# 2013 Dodge 3500 srw Diesel vs Hemi



## FIREMAN Q (Jan 19, 2005)

looking for some thoughts...

I am shopping around for a new truck. would rather go with the D but looking at the cost difference I wonder if its worth it. I can get a loaded Hemi cheaper than a tradesman D.

I run a western wide out up front and a tornado in the back. Off season I do some towing with my landscape biz.


Any pro's and cons would be appreciated. 

Can't wait for the snow!!!!!


----------



## basher (Nov 13, 2004)

Beware of headlight options!!! If it has the shutter type high/low headlights no one has an adapter ready yet.


----------



## jhenderson9196 (Nov 14, 2010)

A diesel is nice but unless you really need it, too expensive. The up-front cost is just the beginning. Maintenance costs are more, fuel is more and the job pays the same no matter which motor you use. Working fuel mileage will be better on the diesel, but even with that it will take more than 150,000 miles to break even.


----------



## basher (Nov 13, 2004)

jhenderson9196;1646574 said:


> A diesel is nice but unless you really need it, too expensive. The up-front cost is just the beginning. Maintenance costs are more, fuel is more and the job pays the same no matter which motor you use. Working fuel mileage will be better on the diesel, but even with that it will take more than 150,000 miles to break even.


Plus you give up HUGE amounts of front axle capacity. Dodge and Nissan are both bragging about thier new 1/2 ton diesels my question is, how much useable front axle capacity will there be? will they even be applicable for snowplow sevice?


----------



## Camden (Mar 10, 2007)

Are you in a huge hurry to buy something? If not, just wait until 2014 when Dodge comes out with the 6.4L Hemi in their trucks. Huge horsepower, lots of torque and way less expensive than a diesel.


----------



## basher (Nov 13, 2004)

Camden;1646631 said:


> Are you in a huge hurry to buy something? If not, just wait until 2014 when Dodge comes out with the 6.4L Hemi in their trucks. Huge horsepower, lots of torque and way less expensive than a diesel.

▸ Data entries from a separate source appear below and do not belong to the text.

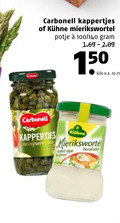 klik op dit plaatje voor een vergroting en voor vergelijkbare aanbiedingen gerelateerd aan ` 150 carbonell kappertjes mierikswortel potje 100 140 kilo v.a. ` 150 carbonell kappertjes mierikswortel potje 100 140 kilo v.a.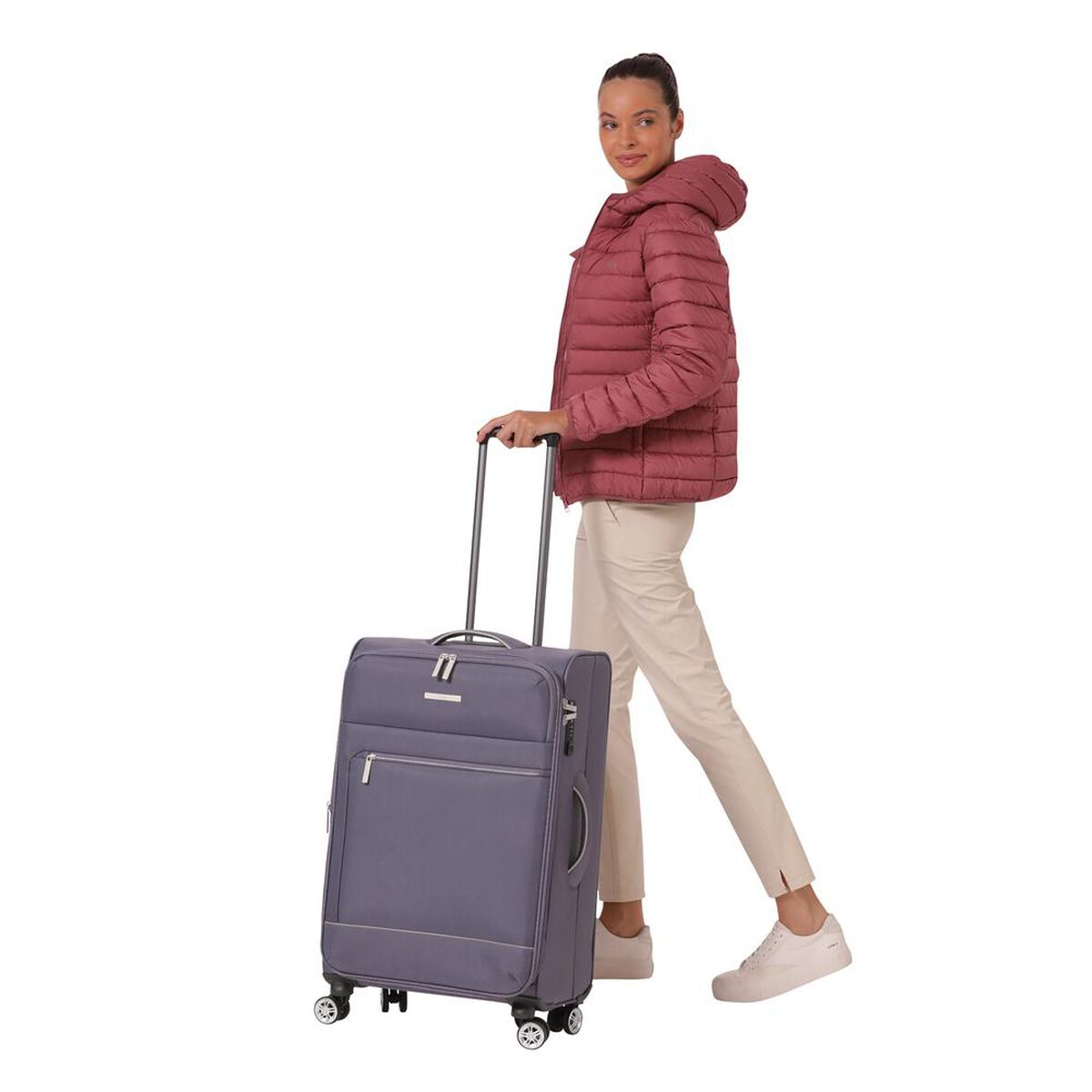 Maleta de Viaje Totto Liviana Gris 63,96 lts. Talla M
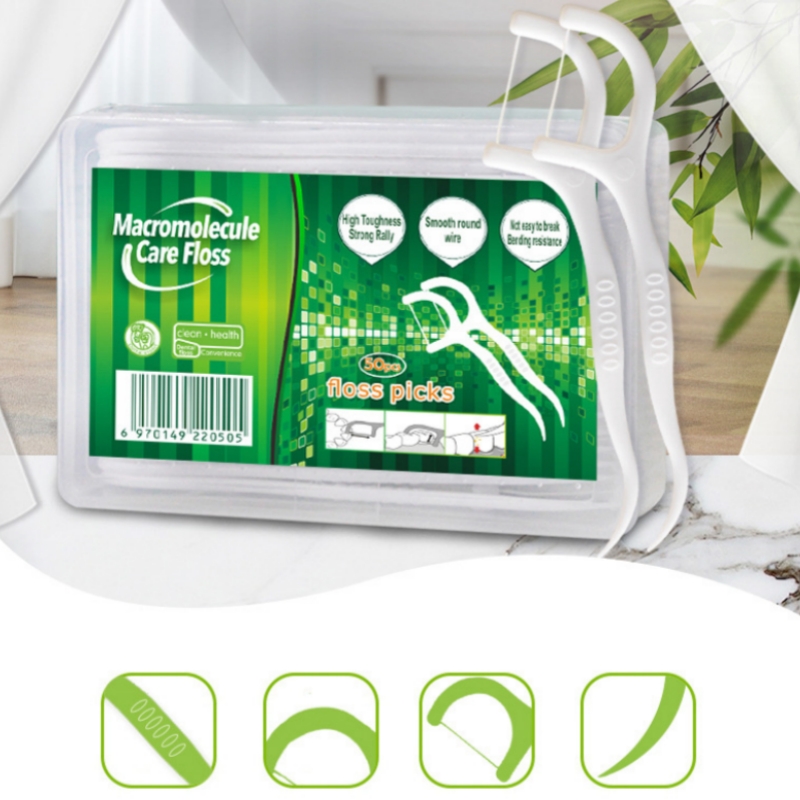50 Buah Tusuk Benang Gigi Tusu - Dental Floss Picks ulasan dan harga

Yeah buddy!!! only a $1400 upgrade My 2011 5.7 is looking a little ragged I may have to trade it on one of those


----------



## Camden (Mar 10, 2007)

Would you believe that they're not going to have that engine option in 3500 SRWs? 2500, 3500 dually and 4500


----------



## FIREMAN Q (Jan 19, 2005)

Thanks for all the replies. I'm not in a huge rush but want to take advantage of the left over market while I can and have enough time to get it set up for plowing. 

After reading some things on the def here on the forum and fuel mileage I think I am really leaning towards the hemi....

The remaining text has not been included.